Von den 113 Alsterdorfer Jungen und Männern, die am 12. August 1943 in Mainkofen eintrafen, verstarben 74 bis Ende 1945. Als Todesursache tauchte, wie in anderen Sterbeanstalten auch, immer wieder "Lungentuberkulose" auf, so vierzig Mal bei den 74 Alsterdorfer Patienten. "Darmkatarrh" wurde fünfzehn Mal als Todesursache genannt. Nur 39 Menschen aus Alsterdorf überlebten das Jahr 1945, davon 15 Erwachsene sowie 24 Kinder und Jugendliche im Alter bis zu 21 Jahren. Die überlebenden Patienten wurden am 19. Dezember 1947 zurück nach Alsterdorf verlegt.
Es kann als sicher angenommen werden, dass Harry Dreher keines natürlichen Todes starb. Er wurde nur 13 Jahre alt.
Seit 2014 befindet sich auf dem Gelände des heutigen Bezirksklinikums Mainkofen ein "Lern- und Gedenkort", an dem die ermordeten Patienten namentlich genannt werden und ihrer gedacht werden kann. Eine weitere Gedenktafel erinnert an die über fünfhundert Jugendlichen und Erwachsenen, an denen Zwangssterilisationen durchgeführt wurden.

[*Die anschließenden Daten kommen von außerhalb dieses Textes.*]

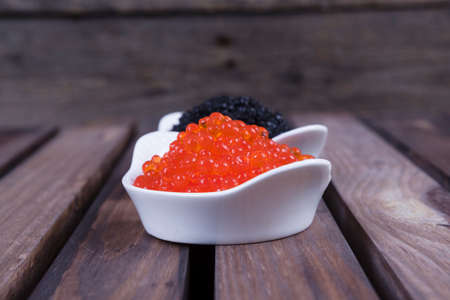 black sturgeon hausen caviar with red salmon caviar in white bowls on wooden backgroundの写真素材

Für Harry Dreher ist kein Ort sicher bekannt, an dem er zusammen mit seiner Mutter lebte. Da sie längere Zeit im Versorgungsheim Oberaltenallee tätig war, ist es denkbar, dass auch ihr Sohn dort gewesen ist. Deshalb wurde der Stolperstein zur Erinnerung an Harry Dreher im Fußweg vor dem ehemaligen Versorgungsheim in der Oberaltenallee 72 in Uhlenhorst eingelassen.
Stand: August 2025
© Ingo Wille
Quellen: Evangelische Stiftung Alsterdorf, Archiv (Sonderakte V 424, Harry Dreher). Michael Wunder, Ingrid Genkel, Harald Jenner, Auf dieser schiefen Ebene gibt es kein Halten mehr – Die Alsterdorfer Anstalten im Nationalsozialismus, Stuttgart 2016, S. 315 ff.